A picture of a First World War soldier bought in a Harrogate junk shop over 30 years ago has yet to be identified, despite its owners best efforts.
Artist Andy Zermanski, who moved from Alnwick in Northumberland to Harrogate in 1979, worked in the area and bought the photograph from a junk shop near Valley Drive, where he lived at the time.
Though Mr Zermanski has now moved back to his native North East after 23 years in Harrogate, he still enjoys the photograph and has now created an oil painting based on the original image.
Mr Zermanski, 58, said he was casually browsing through a box of formal Victorian photographs when he discovered the picture of the First World War soldier that he has kept for so long.
He said: “As a painter and designer I look for interesting faces and costumes, and this photograph was different.
“The man who gazed back at me was dressed in a First World War soldier’s uniform. His cap was on at a jaunty angle and he sported just the hint of a smile.
“I handed over the £1 the shop owner asked - more than three times what I usually paid - and I’m very glad I did it. He’s always been a friendly face to have around.
“He’s been a part of my life for well over 30 years and I feel I know him, but in fact I know hardly anything about him.”
Mr Zermanski has never stopped searching for the soldier’s origins. ‘John 1918’ is written on the back of the photograph, as is the address for Stuart’s, YMCA Buildings, Blackett Street in Newcastle - a building Mr Zermanski was familiar with when studying art at a nearby college.
“I felt it was meant to be and planned one day to do a painting based on it,” he said.
“I never felt quite ready to paint the picture until now, spurred on by this being the centenary of the start of World War One.”
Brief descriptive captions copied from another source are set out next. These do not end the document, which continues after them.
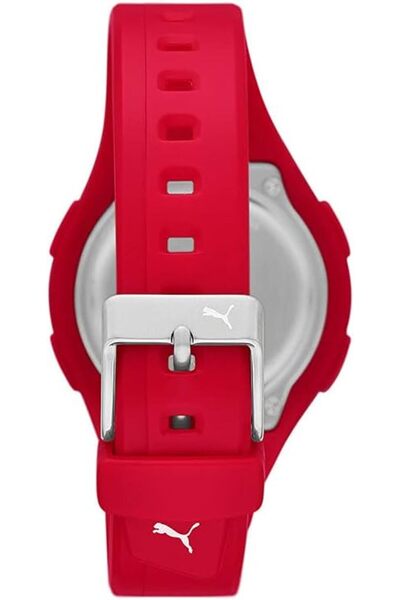 erorex 3 LCD Red Polyurethane Watch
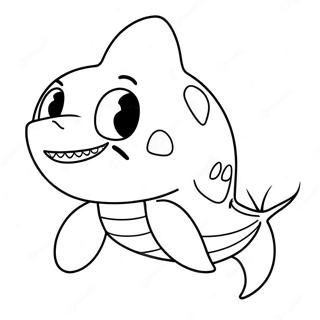 Pinkfong Vennlig Hai Fargeleggingsside 55076-12067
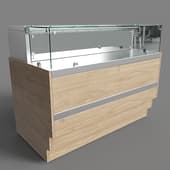 Прилавок кассовый нейтральный RKT12 A Crystal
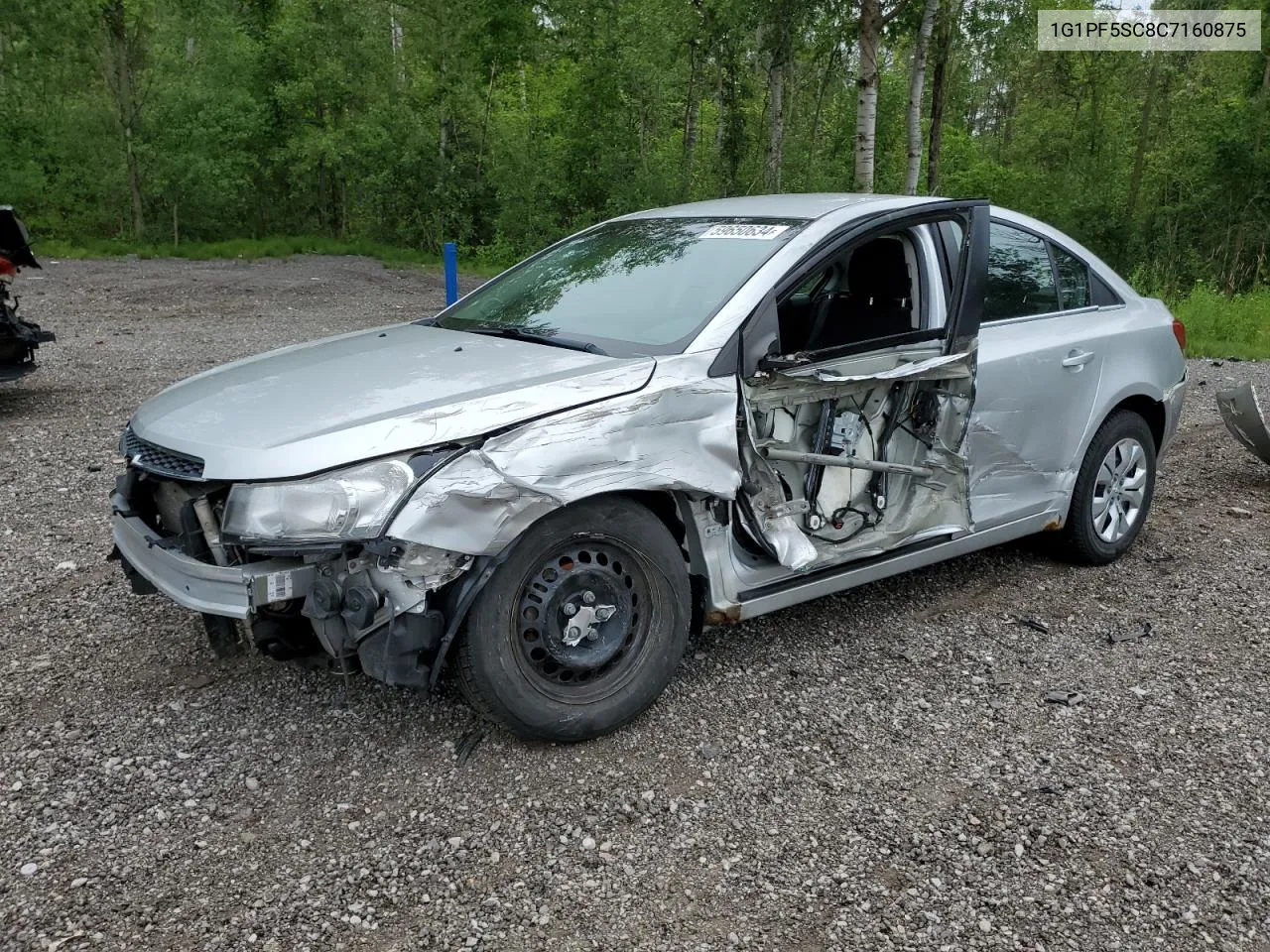 1G1PF5SC8C7160875 2012 Chevrolet Cruze Lt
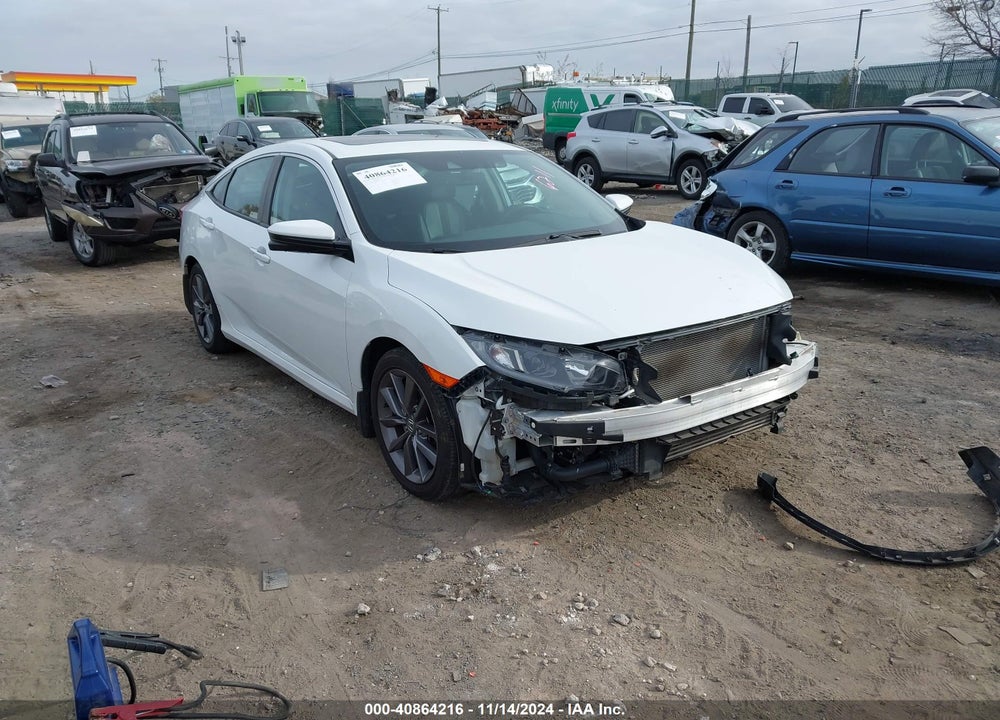 2021 HONDA CIVIC EX-L VIN: 19XFC1F76ME202124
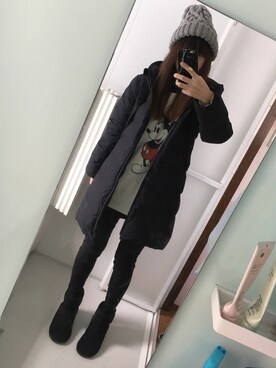 「TODAYFUL（トゥデイフル）のアイテム（PC・スマホグッズ/家電）」を使った、Sさん（レディース・165cm）の冬コーディネート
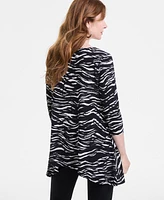 Jm Collection Women's Printed Swing Top, Exclusively at Macy's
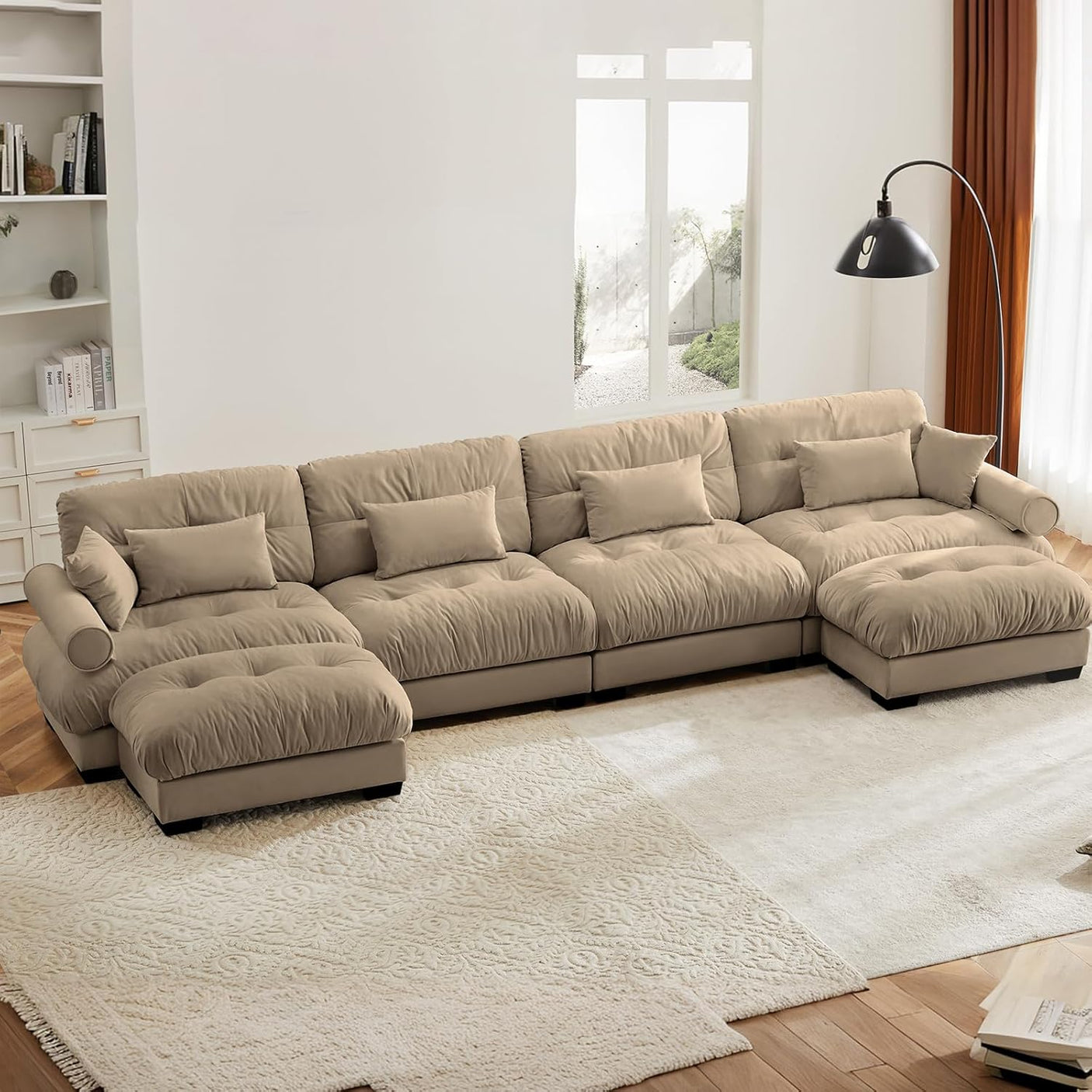 Cloud Sofa - Modular Sectional Couch with Plush Velvet & Deep Seats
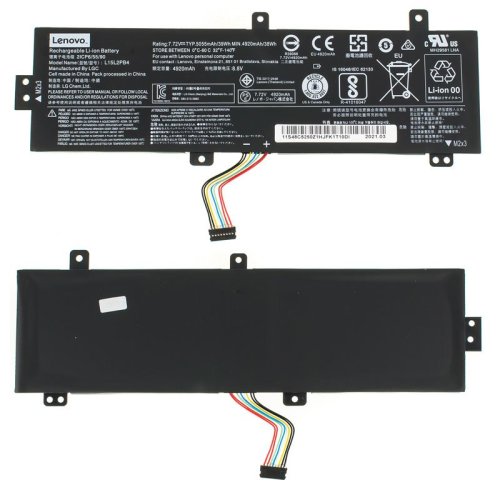 5055mAh 39Wh 7.72V батарея L15L2PB4 L15L2PB5 для Lenovo IdeaPad 510-15ISK 510-15IKB 310-15IKB 310-15ISK 310-15IAP 310-15ABR L15M2PB5 L15C2 PB5L 19Wh 5M2PB3 L15C2PB3 L15C2PB7 L15S2TB0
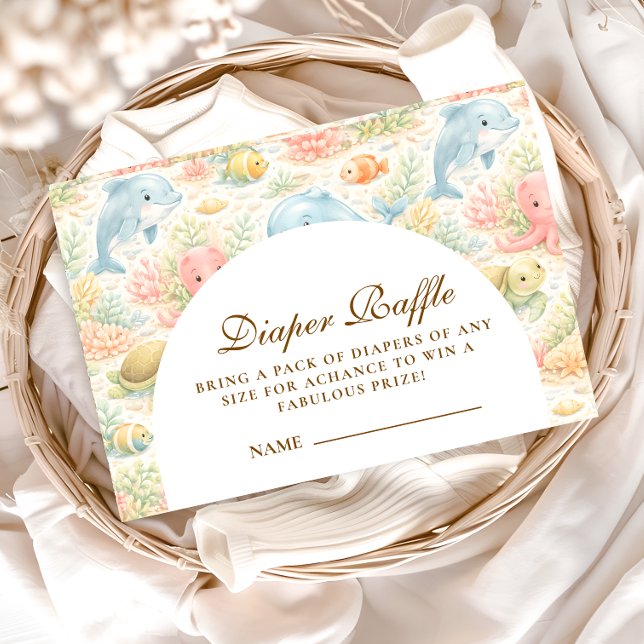 Whimsical Summer Animals Diapper Raffle Tilläggskort (Skapare uppladdad)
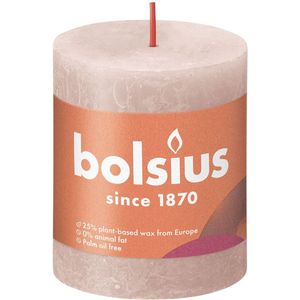 Bolsius Rustiek stompkaars 80/68 - Misty Pink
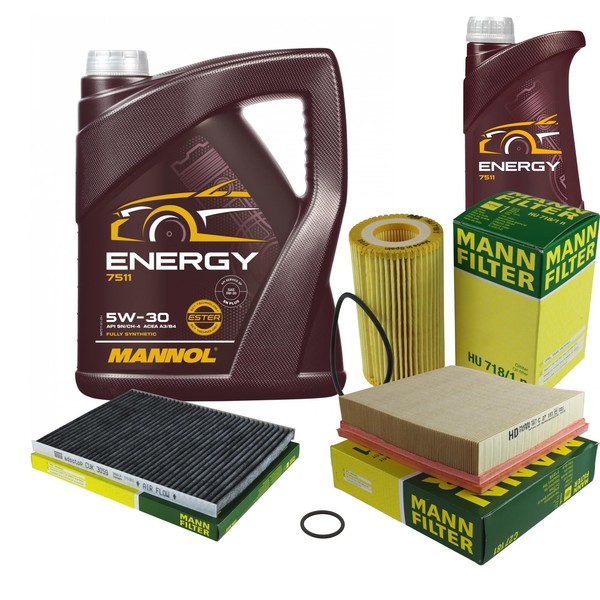 Inspektionspaket 6L Mannol Energy 5W-30 FüR Opel Omega B Caravan 2.2 Dti 16V 2.0-image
Talking about his creative process, Mr Zermanski said painting a colour image from a black-and-white photograph is not as easy as it looks.
He said: “I didn’t want it to just look like a tinted photograph. The skin tones, especially, are difficult to get right.
“He looked as if he had blue eyes, so that’s what I’ve given him.
“As I’ve worked I’ve thought a lot about him, and wondered if I could find out any more.”
After some research, Mr Zermanski discovered that the badge on the soldier’s cap was for the Army Service Corps, though his search for information about ‘John’ has gone no further.